Brief descriptive captions:
★ ★ ★ ★ ★
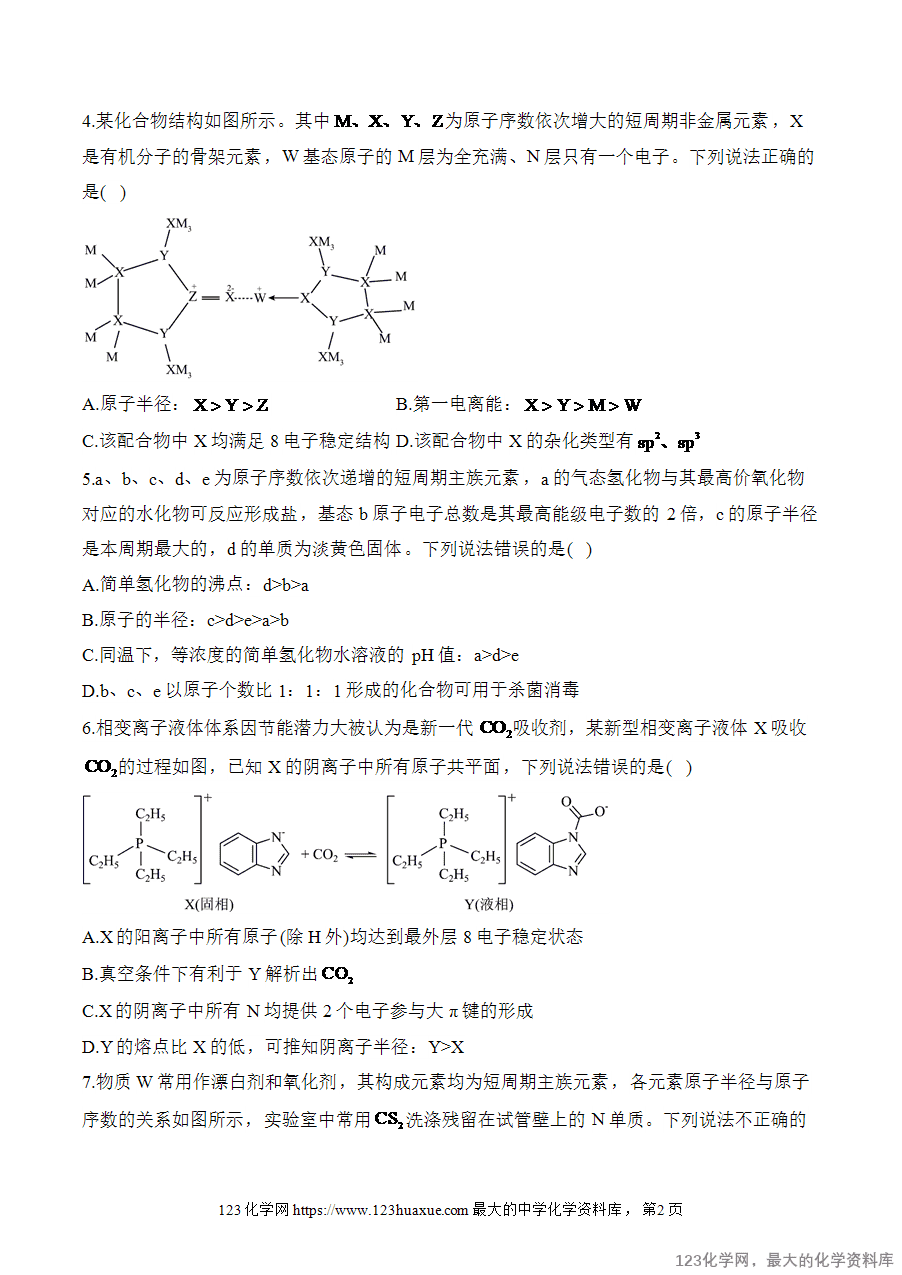 【精品练习】2025高考化学二轮复习讲练测-专题7 物质结构与元素周期律（测试）word版含答案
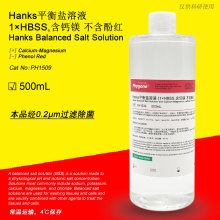 Hanksƽ}Һ 1×HBSS }VӼt 500mL PH1509 PHYGENE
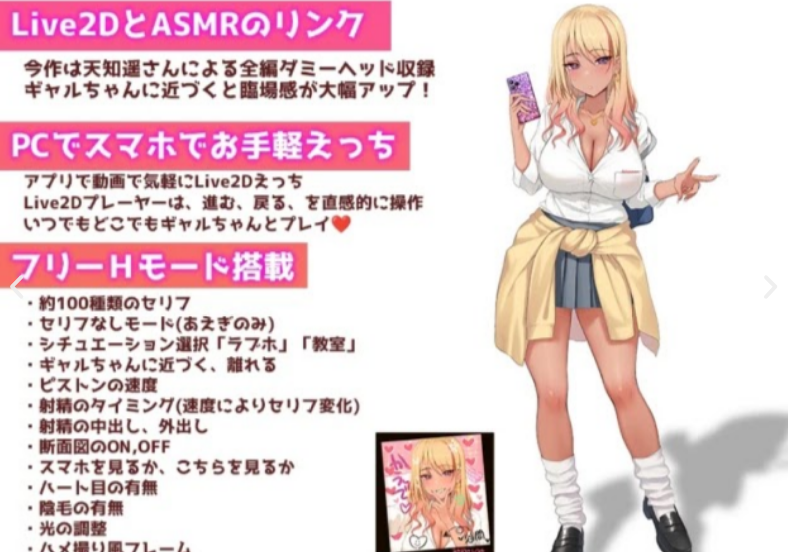 Let's do it! Gal-chan 2 APK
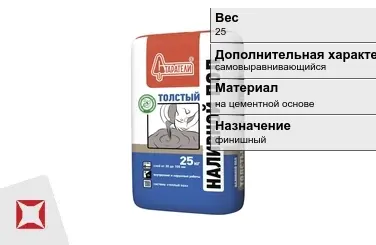 Наливной пол Старатели 25 кг финишный в Павлодаре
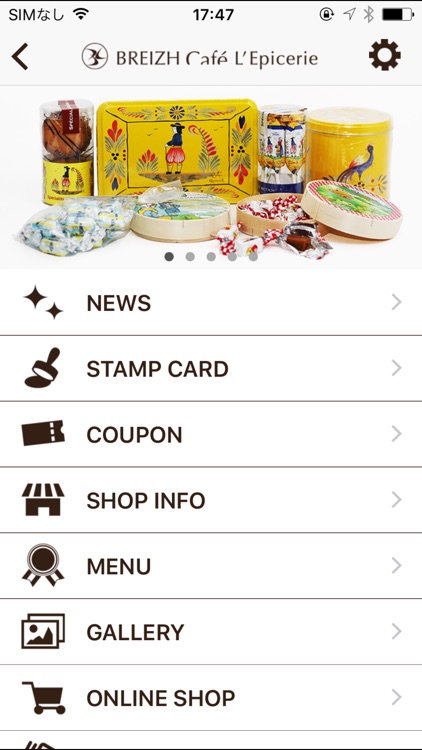 ブレッツカフェレピスリー｜ガレットやシードル、フランス食品店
★ ★ ★ ★ ★
> **WHAT TO PRODUCE**
With the pictures left out, give again exactly the lines from the one that contains "500mL PH1509 PHYGENE" through the final line of the data above.

> **EXERCISE RESULT**
 Hanksƽ}Һ 1×HBSS }VӼt 500mL PH1509 PHYGENE
 Let's do it! Gal-chan 2 APK
 Наливной пол Старатели 25 кг финишный в Павлодаре
 ブレッツカフェレピスリー｜ガレットやシードル、フランス食品店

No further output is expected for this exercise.